32’00. Les aveux. « Les contradicteurs dreyfusards diront que c’est faux ». ça l’est en effet et nous l’avons maintes fois montré dans nos travaux. La meilleure preuve du mensonge en étant d’ailleurs le faux que commettra Gonse, comme je l’ai montré dans mon Histoire de l’affaire Dreyfus de 1894 à nos jours. Mais ce qui est étonnant, c’est le changement de cap d’Adrien Abauzit. Il défend ici les aveux et écrit dans son livre : « « Dreyfus, condamné pour ce qui est perçu comme étant à l’époque le pire des crimes, doit probablement se sentir couvert de honte et terriblement isolé. Les paroles qu’il adresse à Lebrun-Renault [sic pour Lebrun Renaud] sont, je pense, le signe d’un homme, objet d’une vindicte universelle, à la recherche d’un minimum d’empathie. » (p. 85). Dommage, nous préférions cette version. Mais il semble en fait que cette phrase veuille dire autre chose : « un cri du cœur » dit-il ici. Maintenant que nous dit que Lebrun Renaud, comme le montrera Jaurès dans ses Preuves, a bien entendu ce qu’il dit avoir entendu ?… et invoquer le témoignage de d’Attel (qui était d’ailleurs capitaine et non commandant) n’a pas de valeur. Il aurait fallu qu’Adrien Abauzit nous dise que Lebrun Renaud a entendu : « Le ministre sait que je suis innocent, il me l’a fait dire par le Comdt du Paty de Clam, dans ma prison, il y a quelques jours, et il sait que si j’ai livré des documents, ce sont des documents sans importance et que c’était pour en obtenir de plus sérieux des allemands » (drôles d’aveux qui accompagnent une protestation d’innocence) ; et que d’Attel, lui, se souviendra de : « Pour ce que j’ai livré, cela n’en valait pas la peine.
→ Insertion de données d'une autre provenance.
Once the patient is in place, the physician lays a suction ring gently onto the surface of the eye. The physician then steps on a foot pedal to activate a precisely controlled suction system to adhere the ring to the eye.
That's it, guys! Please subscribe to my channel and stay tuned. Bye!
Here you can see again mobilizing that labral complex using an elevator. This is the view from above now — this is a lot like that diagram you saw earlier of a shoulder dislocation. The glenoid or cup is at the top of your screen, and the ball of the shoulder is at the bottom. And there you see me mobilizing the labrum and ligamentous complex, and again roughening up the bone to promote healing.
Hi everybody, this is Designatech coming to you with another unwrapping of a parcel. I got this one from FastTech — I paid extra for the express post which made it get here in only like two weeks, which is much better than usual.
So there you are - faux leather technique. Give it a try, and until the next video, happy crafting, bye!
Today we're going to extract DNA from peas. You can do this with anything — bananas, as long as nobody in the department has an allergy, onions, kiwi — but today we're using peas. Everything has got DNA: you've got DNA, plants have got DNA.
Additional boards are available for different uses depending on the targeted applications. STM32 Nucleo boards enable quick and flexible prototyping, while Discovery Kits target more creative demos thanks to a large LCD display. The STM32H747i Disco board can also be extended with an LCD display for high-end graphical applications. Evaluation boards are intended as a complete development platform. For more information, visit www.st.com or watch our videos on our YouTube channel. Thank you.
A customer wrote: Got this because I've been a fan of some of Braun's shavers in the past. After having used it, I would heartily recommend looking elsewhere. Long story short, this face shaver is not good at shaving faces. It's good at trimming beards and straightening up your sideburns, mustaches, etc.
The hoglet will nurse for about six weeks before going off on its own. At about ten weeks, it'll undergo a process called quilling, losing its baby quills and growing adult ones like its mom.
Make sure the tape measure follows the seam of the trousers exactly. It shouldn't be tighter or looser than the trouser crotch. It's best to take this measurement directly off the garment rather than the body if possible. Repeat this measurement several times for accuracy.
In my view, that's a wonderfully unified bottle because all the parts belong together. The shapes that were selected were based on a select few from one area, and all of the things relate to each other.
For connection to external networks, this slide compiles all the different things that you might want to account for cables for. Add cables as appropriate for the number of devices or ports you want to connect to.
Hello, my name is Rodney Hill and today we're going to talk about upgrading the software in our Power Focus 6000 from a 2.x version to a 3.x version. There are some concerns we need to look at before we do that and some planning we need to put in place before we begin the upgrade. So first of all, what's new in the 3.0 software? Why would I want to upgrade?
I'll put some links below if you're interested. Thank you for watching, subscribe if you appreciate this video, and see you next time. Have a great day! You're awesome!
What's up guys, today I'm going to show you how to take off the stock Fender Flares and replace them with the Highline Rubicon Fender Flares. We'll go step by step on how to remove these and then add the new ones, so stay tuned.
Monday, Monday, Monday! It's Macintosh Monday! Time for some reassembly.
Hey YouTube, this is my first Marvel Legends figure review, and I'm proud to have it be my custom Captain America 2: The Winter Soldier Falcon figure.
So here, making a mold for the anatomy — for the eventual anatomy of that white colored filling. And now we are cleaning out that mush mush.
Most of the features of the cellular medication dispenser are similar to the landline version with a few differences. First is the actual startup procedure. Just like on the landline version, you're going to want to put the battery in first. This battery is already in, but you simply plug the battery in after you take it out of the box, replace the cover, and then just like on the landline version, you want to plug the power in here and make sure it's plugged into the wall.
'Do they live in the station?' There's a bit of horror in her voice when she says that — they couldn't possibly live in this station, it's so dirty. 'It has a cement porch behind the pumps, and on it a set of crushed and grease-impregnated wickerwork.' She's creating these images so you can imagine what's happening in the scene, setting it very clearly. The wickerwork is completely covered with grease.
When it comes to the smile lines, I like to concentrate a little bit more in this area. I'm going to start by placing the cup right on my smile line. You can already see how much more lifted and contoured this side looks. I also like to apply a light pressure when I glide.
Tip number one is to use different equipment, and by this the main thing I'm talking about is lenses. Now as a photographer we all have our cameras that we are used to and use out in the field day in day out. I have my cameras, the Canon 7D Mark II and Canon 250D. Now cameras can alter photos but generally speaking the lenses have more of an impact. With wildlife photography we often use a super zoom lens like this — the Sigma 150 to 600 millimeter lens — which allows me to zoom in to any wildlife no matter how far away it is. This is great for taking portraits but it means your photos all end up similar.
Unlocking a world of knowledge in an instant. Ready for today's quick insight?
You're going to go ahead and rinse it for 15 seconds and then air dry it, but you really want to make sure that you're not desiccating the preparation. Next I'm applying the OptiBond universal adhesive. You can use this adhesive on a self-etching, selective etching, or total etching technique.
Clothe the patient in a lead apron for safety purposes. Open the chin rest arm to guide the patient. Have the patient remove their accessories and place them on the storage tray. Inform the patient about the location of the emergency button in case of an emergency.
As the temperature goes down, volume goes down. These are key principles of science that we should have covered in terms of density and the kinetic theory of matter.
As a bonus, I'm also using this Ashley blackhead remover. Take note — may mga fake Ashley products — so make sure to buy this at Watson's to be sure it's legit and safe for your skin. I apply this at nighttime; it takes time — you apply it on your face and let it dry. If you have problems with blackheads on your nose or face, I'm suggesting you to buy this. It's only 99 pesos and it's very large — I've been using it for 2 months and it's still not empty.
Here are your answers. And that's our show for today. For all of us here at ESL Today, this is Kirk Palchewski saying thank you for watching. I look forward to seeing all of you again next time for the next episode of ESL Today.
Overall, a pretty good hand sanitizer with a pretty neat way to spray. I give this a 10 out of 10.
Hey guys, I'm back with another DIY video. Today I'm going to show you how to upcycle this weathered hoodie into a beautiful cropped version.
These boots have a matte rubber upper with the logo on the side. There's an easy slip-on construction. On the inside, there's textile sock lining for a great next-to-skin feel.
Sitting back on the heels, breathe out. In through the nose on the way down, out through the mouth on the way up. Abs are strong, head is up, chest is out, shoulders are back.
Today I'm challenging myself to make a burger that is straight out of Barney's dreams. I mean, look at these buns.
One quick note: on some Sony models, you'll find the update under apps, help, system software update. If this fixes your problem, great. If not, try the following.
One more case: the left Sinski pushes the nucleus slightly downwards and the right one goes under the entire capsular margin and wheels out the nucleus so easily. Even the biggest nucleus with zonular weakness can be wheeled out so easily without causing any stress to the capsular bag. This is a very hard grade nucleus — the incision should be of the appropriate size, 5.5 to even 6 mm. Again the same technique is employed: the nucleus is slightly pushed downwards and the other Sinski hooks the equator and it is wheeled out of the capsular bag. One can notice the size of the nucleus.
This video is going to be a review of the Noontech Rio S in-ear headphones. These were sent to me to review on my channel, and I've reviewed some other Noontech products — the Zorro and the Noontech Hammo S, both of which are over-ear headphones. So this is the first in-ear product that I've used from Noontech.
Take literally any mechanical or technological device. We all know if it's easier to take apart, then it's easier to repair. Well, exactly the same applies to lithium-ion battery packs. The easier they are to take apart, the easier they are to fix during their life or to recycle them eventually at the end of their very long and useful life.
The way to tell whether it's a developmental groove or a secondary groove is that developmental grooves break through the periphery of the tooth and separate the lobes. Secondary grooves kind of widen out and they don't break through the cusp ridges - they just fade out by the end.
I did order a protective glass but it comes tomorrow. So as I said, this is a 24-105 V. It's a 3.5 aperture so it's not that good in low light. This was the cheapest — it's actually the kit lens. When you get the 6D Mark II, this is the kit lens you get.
Si on m’avait laissé faire, j’aurais eu davantage en échange ». Comment deux témoins ont-ils pu, au même moment, entendre des propos si différents ? Si Adrien Abauzit avait mieux travaillé, il aurait même pu en trouver d’autres des témoignages… qui tous donnent une déclaration encore différente.

35’18. La date du bordereau. « on a rattaché dans l’acte d’accusation en réalité des documents qui existaient mais qui n’étaient pas ceux vraiment visés ». Mis à part le fait que cette phrase n’a aucun sens, les documents de 1894 demeurèrent à charge contre Dreyfus jusqu’à Rennes et le sont encore dans le livre d’Adrien Abauzit. Le problème n’était pas là. L’accusation avait daté le bordereau d’avril pour qu’il collât avec les dates que l’accusation imaginait alors être celles de quelques-uns des documents. Au procès de 1894, Dreyfus avait fait remarquer que si le bordereau avait été écrit à cette date, il n’aurait pu – s’il l’avait toutefois écrit – annoncer quelque information datant de juillet telle que celle relative aux formations nouvelles d’artillerie. Du Paty avait alors tenté l’hypothèse selon laquelle le bordereau pourrait dater d’août et qu’ainsi « le partir en manœuvres » concernait bien les manœuvres d’automne où Dreyfus, jusqu’au « dernier moment », avait cru devoir aller. C’était pure improvisation de la part de Du Paty puisqu’existait une note officielle du 18 mai, signée du général Gonse, prévenant les stagiaires qu’ils n’iraient pas aux manœuvres. Dreyfus avait demandé que cette note fût versée aux débats. On ne le voulut pas et on était passé à autre chose… La date d’avril-mai avait été maintenue contre Du Paty et il avait été expliqué que la fameuse phrase ne qualifiait aucunement les manœuvres mais bien le voyage d’état-major auquel avait participé Dreyfus en juillet. Mais pourquoi avoir parlé de manœuvres dans le bordereau, dans ce cas ? Sérieusement, le commissaire du gouvernement expliquera dans son réquisitoire que Dreyfus n’avait pas écrit, comme il l’aurait dû, « “Je pars en voyage d’état-major”, car c’eût été signer la lettre-missive ».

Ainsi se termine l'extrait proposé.